▸ Prompt
What lines in the data below mention the string "iPhone"? Copy them out.

▸ Extracted entries
'''
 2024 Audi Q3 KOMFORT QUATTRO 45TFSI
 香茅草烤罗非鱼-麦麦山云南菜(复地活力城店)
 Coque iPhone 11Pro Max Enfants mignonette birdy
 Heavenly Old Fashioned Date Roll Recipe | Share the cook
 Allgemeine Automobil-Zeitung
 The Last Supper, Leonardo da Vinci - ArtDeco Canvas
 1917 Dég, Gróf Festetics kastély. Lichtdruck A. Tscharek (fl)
'''
'''
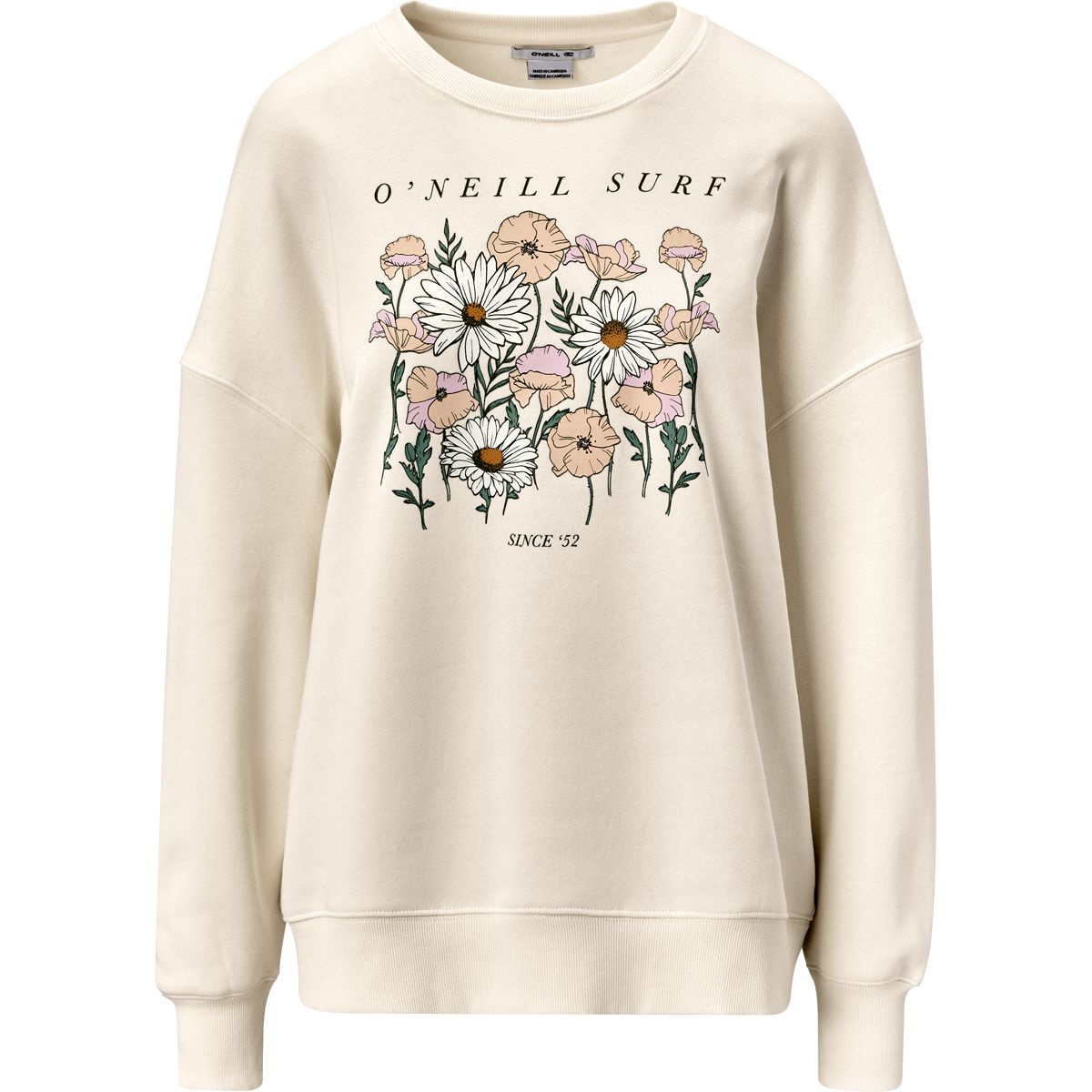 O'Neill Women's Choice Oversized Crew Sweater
'''
'''
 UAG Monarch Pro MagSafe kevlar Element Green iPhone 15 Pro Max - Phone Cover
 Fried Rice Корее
'''
▸ Result of this task
 Coque iPhone 11Pro Max Enfants mignonette birdy
 UAG Monarch Pro MagSafe kevlar Element Green iPhone 15 Pro Max - Phone Cover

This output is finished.